Le argomentazioni dell’appellante
La difesa aveva sostenuto che si trattasse di semplici opere interne, ininfluenti sul carico urbanistico, invocando inoltre il legittimo affidamento derivante dal lungo tempo trascorso dalla realizzazione degli interventi. Infine, era stata contestata la sproporzione della sanzione demolitoria rispetto alla presunta irregolarità, ritenendo sufficiente una sanzione pecuniaria.
Tesi, queste, tutte rigettate dal Consiglio di Stato.
La cornice normativa: tra edilizia e urbanistica
La pronuncia chiarisce che il mutamento d’uso tra categorie funzionalmente autonome – come da residenziale a direzionale – non è un dettaglio edilizio, ma un fatto urbanisticamente rilevante, poiché incide sul carico urbanistico.

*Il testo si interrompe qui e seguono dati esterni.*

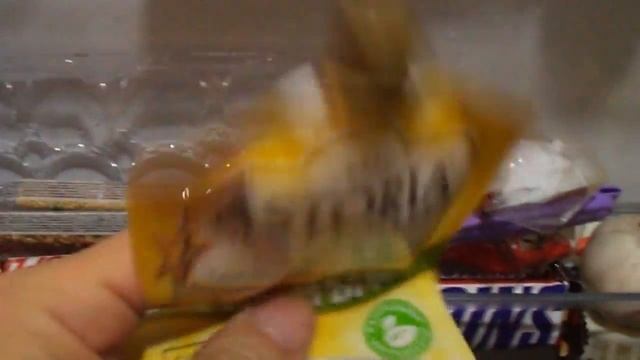 обзор моего холодильника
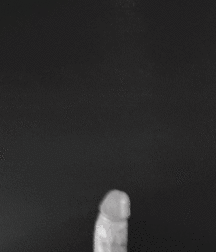 Ejaculations - Cum - Sperm - Cocksucking - Handjobs Boys Porn 5fb135ef95e0c.gif
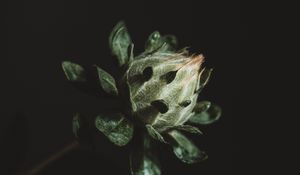 Preview wallpaper flower, plant, dark, bud, green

È un principio sancito dall’art. 23-ter del d.P.R. n. 380/2001, che impone l’obbligo di permesso di costruire per tali trasformazioni, anche in assenza di aumento di volume o modifiche strutturali.

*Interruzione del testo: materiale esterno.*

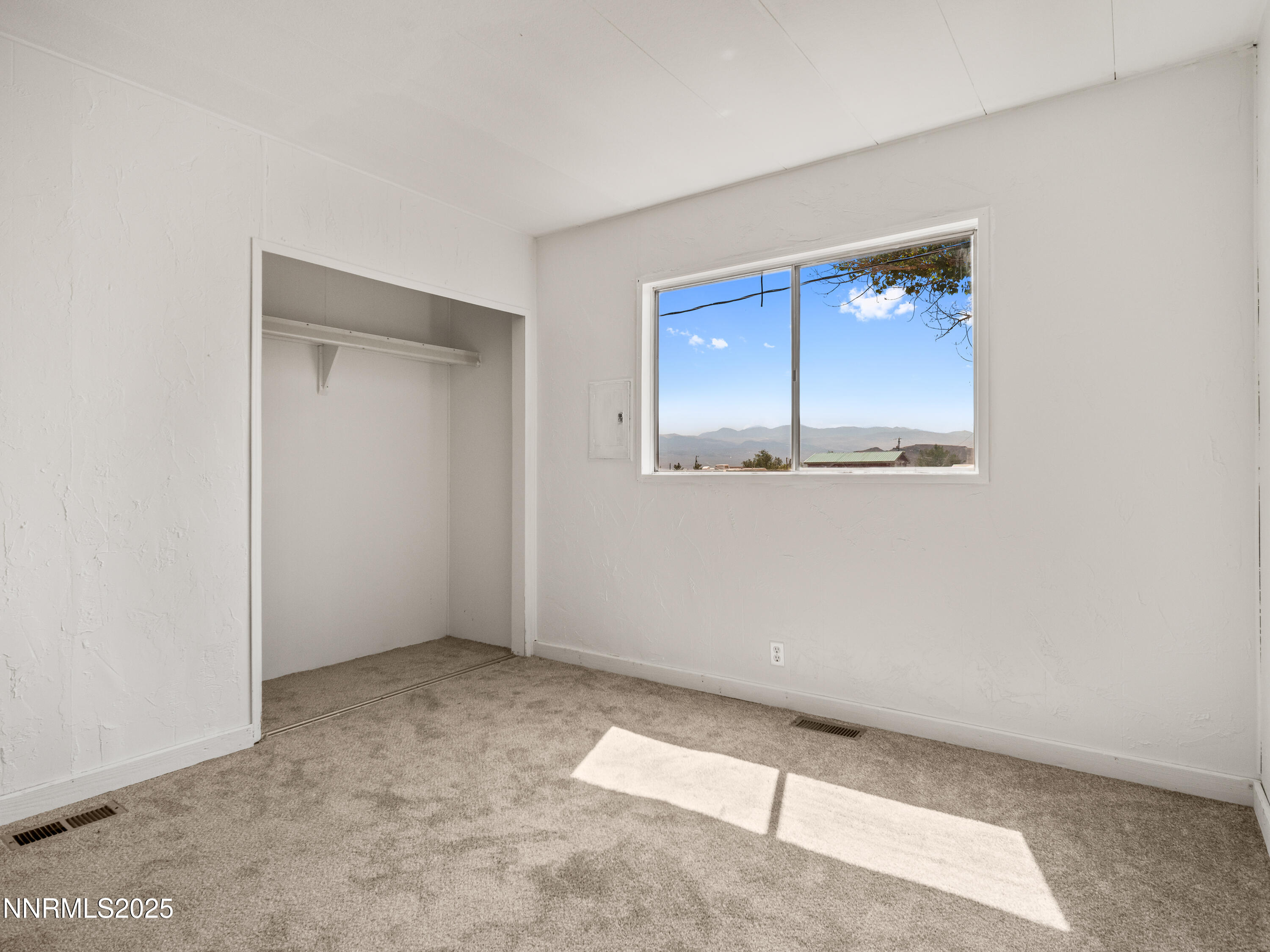 3785 Granite Way Topaz Ranch Estates, NV 89444 - Photo 25 of 50 Photo-8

Neanche il nuovo art. 36-bis introdotto dal Salva Casa modifica questo quadro: pur ampliando le possibilità di sanatoria, non elimina la distinzione tra profilo edilizio e profilo urbanistico.
La demolizione come misura ordinaria
Il Consiglio di Stato ha escluso l’applicabilità della sola sanzione pecuniaria. In presenza di un abuso urbanisticamente rilevante, la demolizione rimane la misura ordinaria. Solo in fase esecutiva – e non a monte – si potrà valutare se essa comporti danni tali da richiedere una conversione in sanzione pecuniaria.
Due punti centrali: onere della prova e uso effettivo
Particolarmente significativo il passaggio in cui il Consiglio chiarisce che l’onere della prova circa la destinazione legittima pregressa spetta al privato. In assenza di documentazione certa, l’amministrazione può qualificare l’intervento come abusivo.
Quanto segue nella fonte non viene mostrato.